The word "edge" may appear in some lines of the data; copy every such line.

(DATASET begins)

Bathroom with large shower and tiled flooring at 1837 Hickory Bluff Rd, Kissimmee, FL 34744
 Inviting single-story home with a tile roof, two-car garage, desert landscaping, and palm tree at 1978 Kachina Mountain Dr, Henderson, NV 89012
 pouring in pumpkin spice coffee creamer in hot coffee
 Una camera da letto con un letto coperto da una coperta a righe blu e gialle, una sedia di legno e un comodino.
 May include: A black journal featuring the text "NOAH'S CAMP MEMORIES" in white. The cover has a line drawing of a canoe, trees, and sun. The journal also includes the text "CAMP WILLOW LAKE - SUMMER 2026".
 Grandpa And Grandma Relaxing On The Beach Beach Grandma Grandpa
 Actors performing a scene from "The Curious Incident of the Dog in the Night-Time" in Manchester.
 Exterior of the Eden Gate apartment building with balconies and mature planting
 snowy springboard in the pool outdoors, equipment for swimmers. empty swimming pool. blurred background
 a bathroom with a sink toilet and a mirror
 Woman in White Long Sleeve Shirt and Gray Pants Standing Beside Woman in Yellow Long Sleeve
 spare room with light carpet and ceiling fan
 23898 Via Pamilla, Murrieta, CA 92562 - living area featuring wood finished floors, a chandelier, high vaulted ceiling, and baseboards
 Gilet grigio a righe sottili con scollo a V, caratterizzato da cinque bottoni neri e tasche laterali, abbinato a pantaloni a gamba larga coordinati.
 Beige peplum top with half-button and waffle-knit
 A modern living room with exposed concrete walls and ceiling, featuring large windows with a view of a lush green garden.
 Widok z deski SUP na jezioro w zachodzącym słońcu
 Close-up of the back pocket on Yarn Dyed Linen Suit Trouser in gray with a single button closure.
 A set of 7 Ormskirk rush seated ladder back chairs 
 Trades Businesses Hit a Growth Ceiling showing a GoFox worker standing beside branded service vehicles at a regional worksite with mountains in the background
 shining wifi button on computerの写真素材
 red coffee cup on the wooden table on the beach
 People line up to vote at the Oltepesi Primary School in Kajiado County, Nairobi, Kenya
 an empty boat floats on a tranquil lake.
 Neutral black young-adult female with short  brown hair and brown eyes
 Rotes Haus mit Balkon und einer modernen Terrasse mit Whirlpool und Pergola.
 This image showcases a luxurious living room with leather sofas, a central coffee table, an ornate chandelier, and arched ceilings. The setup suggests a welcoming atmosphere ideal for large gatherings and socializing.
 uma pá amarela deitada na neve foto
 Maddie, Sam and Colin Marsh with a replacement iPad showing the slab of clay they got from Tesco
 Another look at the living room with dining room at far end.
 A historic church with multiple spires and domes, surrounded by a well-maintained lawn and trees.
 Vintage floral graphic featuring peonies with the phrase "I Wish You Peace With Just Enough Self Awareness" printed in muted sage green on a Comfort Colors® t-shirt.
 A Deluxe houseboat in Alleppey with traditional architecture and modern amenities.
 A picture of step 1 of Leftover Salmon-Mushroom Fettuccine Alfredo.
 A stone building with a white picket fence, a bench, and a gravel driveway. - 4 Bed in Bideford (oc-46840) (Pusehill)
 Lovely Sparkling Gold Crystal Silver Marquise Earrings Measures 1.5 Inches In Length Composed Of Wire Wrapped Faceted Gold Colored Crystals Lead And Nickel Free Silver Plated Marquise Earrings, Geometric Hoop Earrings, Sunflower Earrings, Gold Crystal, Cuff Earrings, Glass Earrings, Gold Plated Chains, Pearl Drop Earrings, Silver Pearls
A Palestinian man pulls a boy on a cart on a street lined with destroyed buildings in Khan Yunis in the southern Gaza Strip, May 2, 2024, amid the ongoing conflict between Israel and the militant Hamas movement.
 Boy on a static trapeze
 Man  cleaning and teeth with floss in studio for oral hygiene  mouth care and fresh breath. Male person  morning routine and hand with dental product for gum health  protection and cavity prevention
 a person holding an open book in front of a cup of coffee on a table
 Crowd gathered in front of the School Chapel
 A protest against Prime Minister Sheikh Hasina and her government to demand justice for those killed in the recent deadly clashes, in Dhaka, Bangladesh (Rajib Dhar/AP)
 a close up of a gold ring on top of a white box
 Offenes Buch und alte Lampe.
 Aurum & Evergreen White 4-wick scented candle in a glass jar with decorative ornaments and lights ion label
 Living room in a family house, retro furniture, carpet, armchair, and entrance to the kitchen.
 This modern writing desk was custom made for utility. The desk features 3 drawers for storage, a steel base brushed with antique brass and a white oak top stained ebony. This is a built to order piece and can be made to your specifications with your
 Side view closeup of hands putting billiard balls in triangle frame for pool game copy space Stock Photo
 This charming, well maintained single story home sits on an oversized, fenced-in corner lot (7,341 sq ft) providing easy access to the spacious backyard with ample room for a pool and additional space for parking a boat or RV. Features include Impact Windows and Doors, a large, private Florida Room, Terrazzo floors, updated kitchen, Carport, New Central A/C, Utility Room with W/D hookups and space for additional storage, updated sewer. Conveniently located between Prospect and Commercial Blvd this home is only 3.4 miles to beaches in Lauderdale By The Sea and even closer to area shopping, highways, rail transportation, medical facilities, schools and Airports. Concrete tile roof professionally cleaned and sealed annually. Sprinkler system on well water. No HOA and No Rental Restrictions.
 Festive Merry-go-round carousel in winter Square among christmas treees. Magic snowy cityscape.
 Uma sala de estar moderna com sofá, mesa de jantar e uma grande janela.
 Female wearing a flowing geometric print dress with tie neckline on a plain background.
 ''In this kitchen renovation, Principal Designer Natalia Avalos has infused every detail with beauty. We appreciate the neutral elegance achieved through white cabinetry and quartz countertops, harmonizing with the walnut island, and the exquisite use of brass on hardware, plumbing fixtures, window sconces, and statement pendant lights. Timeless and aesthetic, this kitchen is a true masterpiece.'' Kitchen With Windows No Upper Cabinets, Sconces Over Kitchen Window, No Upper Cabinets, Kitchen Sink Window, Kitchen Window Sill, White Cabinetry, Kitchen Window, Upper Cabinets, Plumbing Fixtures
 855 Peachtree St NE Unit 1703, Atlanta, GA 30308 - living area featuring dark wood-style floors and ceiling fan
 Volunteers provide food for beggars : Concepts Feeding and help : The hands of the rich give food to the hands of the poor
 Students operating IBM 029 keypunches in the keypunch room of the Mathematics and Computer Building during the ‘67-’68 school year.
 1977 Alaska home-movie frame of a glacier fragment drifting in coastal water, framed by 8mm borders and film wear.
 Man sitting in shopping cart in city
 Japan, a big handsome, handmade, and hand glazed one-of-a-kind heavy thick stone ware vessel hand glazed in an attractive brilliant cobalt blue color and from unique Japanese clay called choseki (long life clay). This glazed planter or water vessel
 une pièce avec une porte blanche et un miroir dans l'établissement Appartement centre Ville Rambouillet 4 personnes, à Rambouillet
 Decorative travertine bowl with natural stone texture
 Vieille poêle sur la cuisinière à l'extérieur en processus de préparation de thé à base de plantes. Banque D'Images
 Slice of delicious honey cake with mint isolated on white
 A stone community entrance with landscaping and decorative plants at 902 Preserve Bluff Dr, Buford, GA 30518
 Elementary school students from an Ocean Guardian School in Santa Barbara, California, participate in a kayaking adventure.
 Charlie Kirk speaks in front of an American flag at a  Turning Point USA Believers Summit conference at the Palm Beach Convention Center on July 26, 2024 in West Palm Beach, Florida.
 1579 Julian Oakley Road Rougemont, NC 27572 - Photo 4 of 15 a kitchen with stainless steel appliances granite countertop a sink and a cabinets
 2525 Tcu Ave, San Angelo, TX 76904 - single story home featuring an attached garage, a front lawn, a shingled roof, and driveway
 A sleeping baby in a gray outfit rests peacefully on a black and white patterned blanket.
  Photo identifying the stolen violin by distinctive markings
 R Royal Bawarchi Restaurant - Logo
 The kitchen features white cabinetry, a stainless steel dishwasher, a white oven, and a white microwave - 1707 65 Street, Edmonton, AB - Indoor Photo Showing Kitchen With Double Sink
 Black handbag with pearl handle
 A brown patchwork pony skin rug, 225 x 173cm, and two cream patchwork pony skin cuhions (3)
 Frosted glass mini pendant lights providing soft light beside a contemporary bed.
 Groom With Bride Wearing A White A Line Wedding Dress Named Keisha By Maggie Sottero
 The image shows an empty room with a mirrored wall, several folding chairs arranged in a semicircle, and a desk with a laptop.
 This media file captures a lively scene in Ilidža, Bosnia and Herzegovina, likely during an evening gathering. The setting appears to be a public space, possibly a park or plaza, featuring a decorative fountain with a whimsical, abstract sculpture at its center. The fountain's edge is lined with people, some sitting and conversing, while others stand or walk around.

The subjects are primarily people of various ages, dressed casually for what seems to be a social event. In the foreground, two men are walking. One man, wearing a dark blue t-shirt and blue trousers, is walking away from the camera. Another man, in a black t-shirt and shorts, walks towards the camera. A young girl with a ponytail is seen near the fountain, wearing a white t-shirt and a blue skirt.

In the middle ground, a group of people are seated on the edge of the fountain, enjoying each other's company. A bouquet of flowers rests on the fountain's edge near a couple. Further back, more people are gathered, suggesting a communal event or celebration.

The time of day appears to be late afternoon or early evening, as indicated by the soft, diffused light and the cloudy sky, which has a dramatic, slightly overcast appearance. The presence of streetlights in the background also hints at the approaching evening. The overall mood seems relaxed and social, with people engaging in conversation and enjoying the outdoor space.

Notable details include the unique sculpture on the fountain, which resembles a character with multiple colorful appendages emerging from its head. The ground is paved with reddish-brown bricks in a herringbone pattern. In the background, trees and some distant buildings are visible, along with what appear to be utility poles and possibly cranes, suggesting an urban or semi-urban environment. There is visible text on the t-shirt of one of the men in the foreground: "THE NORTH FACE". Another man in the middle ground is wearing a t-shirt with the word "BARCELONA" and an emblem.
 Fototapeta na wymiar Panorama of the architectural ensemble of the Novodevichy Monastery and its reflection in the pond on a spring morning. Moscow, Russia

(DATASET ends)

RESPONSE AREA
 This media file captures a lively scene in Ilidža, Bosnia and Herzegovina, likely during an evening gathering. The setting appears to be a public space, possibly a park or plaza, featuring a decorative fountain with a whimsical, abstract sculpture at its center. The fountain's edge is lined with people, some sitting and conversing, while others stand or walk around.
In the middle ground, a group of people are seated on the edge of the fountain, enjoying each other's company. A bouquet of flowers rests on the fountain's edge near a couple. Further back, more people are gathered, suggesting a communal event or celebration.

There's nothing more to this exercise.